Because Spain’s economic fate no longer seems to be in Spain’s own hands, the crucial intermediary space between what the state needs and what the people want — the ground on which politicians are normally held to account — has shrunk. Sometimes it seems that the closer Spain has moved to Europe, the more democracy eludes its grasp.
11 June 2012
Spain has officially requested a $125 billion bailout to keep its banks afloat after massive deposit withdrawals from the nation’s banks.
But within hours of the announcement a massive number of citizens took to the streets of the capital city of Madrid to protest the bailout.
As the sovereign debt crisis has made it infeasible to access funding from the markets Spain is being forced to borrow money from other European nations to pay for the bailout.
The additional debt will add to the overwhelming debt load Spanish citizens are being forced to pay as they face harsh austerity measure in the midst of raging unemployment in a depression-like economy.
Spanish protesters rally against bank bailout request
Press TV – Protesters in the debt-ridden country were out on the streets of the capital Madrid on Sunday against the newly elected government’s decision on asking for European Union financial assistance to save the banks.
The demonstrators were banging their pots and pans in protest against the government’s call for help.
They were telling their government that it’s the suffering citizens that should benefit from international aid, not the financial institutions.
Spain government on Saturday, after an emergency economic videoconference with eurozone finance ministers, announced the decision.

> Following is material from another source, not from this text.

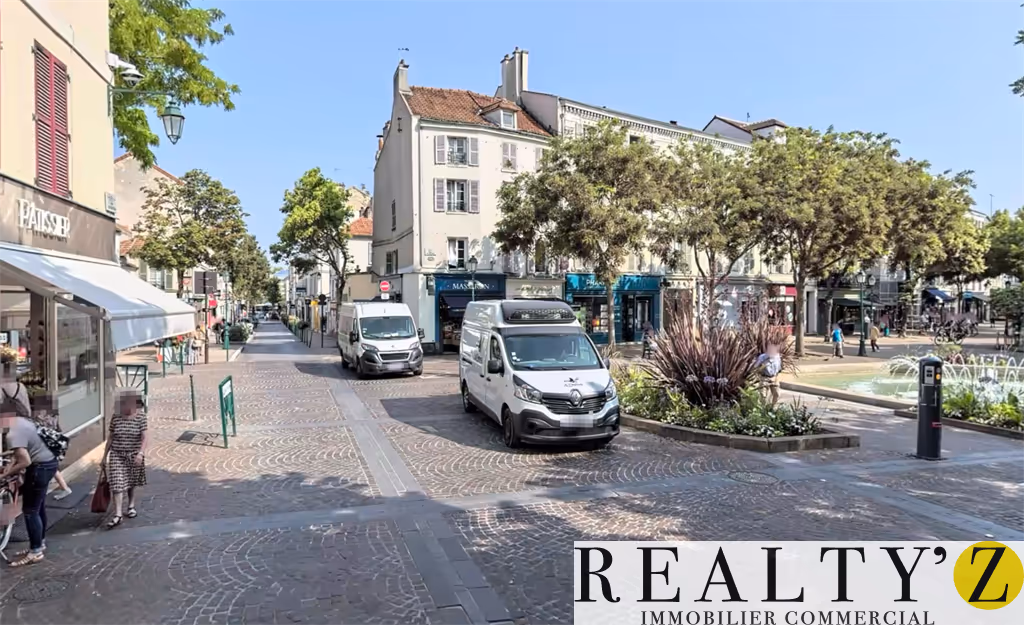 Local commercial · 50 m² · Location — photo 1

“The Spanish government declares its intention to request European financing for the recapitalization of those banks that need it,” Spanish Economy Minister Luis de Guindos said at a press conference after the videoconference.
The decision is seen as a U-turn in policy by Spanish Prime Minister Mariano Rajoy, who had firmly ruled out the need for a bailout for the country’s banking sector.
Spain has been under pressure to shore up its banking sector before the parliamentary elections in Greece.
There are growing concerns that the outcome of the Greek polls could lead to the country’s exit from the eurozone and further destabilize the euro.